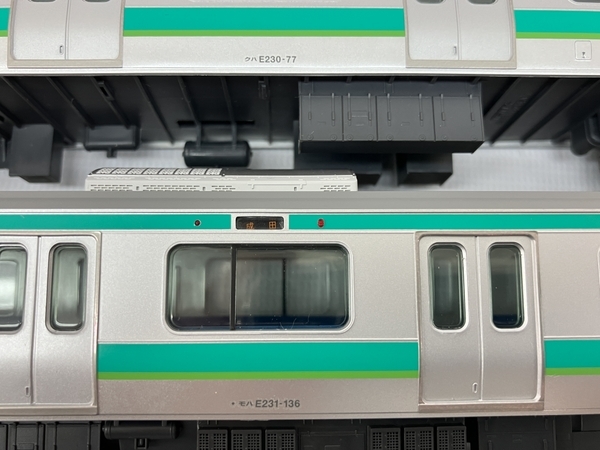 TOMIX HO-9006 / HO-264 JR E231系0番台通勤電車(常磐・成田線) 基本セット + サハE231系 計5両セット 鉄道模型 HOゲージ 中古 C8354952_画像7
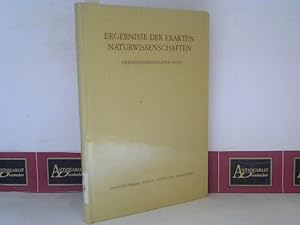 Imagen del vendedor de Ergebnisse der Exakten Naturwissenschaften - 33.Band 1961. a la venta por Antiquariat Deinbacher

--

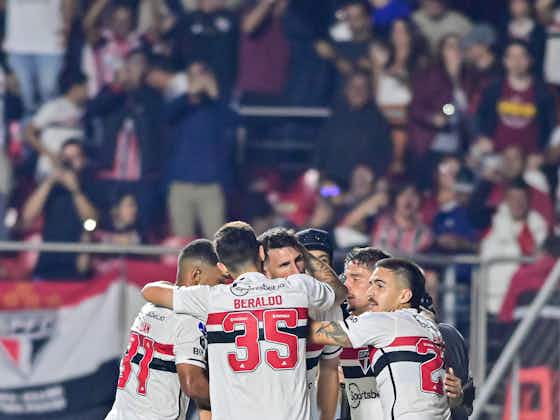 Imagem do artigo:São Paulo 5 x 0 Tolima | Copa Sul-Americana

--

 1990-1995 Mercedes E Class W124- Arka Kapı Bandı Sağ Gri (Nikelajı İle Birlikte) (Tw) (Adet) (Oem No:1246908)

--

TASK DIRECTIONS:
Using the data above, copy exactly the lines from the one containing "TOMIX HO-9006 /" to the one containing "Imagen del vendedor", inclusive. Exclude the pictures.

SOLUTION FOR THIS TASK:
 TOMIX HO-9006 / HO-264 JR E231系0番台通勤電車(常磐・成田線) 基本セット + サハE231系 計5両セット 鉄道模型 HOゲージ 中古 C8354952_画像7
 Imagen del vendedor de Ergebnisse der Exakten Naturwissenschaften - 33.Band 1961. a la venta por Antiquariat Deinbacher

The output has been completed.